The Soviet Internet

I have several times watched an interesting documentary on why the Soviet OGAS never became a reality. It was heavily inspired by what the Americans were doing and their ARPAnet would end up being the internet as we know it today. It aimed to network all factories in the USSR so that the demands of on plant could be more easily linked to the production at another plant. The USSR economy at this time was in dire staits, so why no OGAS?

First of all, in the US the military spearheaded a lot of technology. It was pretty similar in the USSR. The difference was that in the US military technology trickled down to the civilian sector. Not so in the USSR. “The military will never concern themselves with mere civilian issues” was effectively the conclusion drawn by one proponent of OGAS.

Second, it was really expensive. Like, it would have cost more than the clean-up after Chernobyl. The USSR wasn’t a networked or computerized country in general so introducing OGAS would have required a huge investment.

Third, it threatened a lot of bureaucrats whose jobs were endangered by OGAS. So OGAS needed the support of the very people it was bound to replace.

But this is not what I’m curious about. It seems fairly straight forward why OGAS didn’t happen. There were as noted earlier several reasons why it didn’t go anywhere. What I’m curious about is why OGAS was even on the table? This project seems to have been discussed at the highest levels of the USSR before it was mothballed. So improvements to how the economy was organized were discussed? Why then did they not conclude that they needed proper accounting without falsifications? Why didn’t they introduce proper quality control?

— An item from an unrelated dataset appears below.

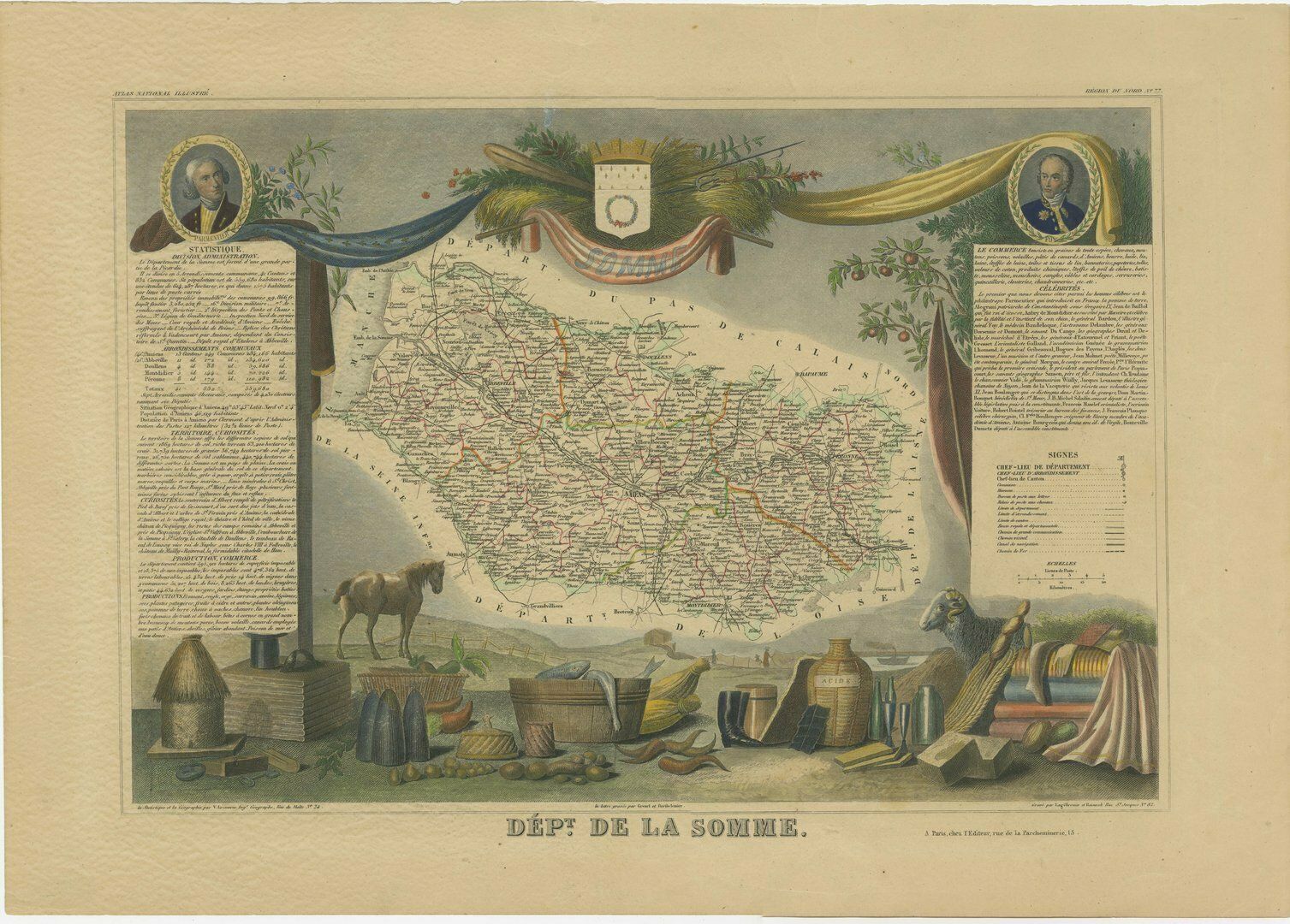 Hand Colored Antique Map Of The Department Of Somme, France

Traditionally you try to solve problems from Least Expensive to Most Expensive. Ideally you can pair that with Most Impactful to Least Impactful. OGAS seems very expensive and moderately impactful. At the same time their poor accounting and lack of quality control constituted existential threats to their economy. Now, accounting and quality control isn’t free but I don’t see how the Soviet economy could have survived with them. OGAS however was a solution to a problem that might have been necessary to solve somewhere down the line but there were more pressing issues that cost a lot less right in front of them.

Now, Breznev was notoriously disinterested in corruption so it would have been out of character for him to pursue accounting and quality control as I suggest, but why then even discuss OGAS? If being ideologically correct was more important than anything else, why think in terms of high-tech and networking in the first place?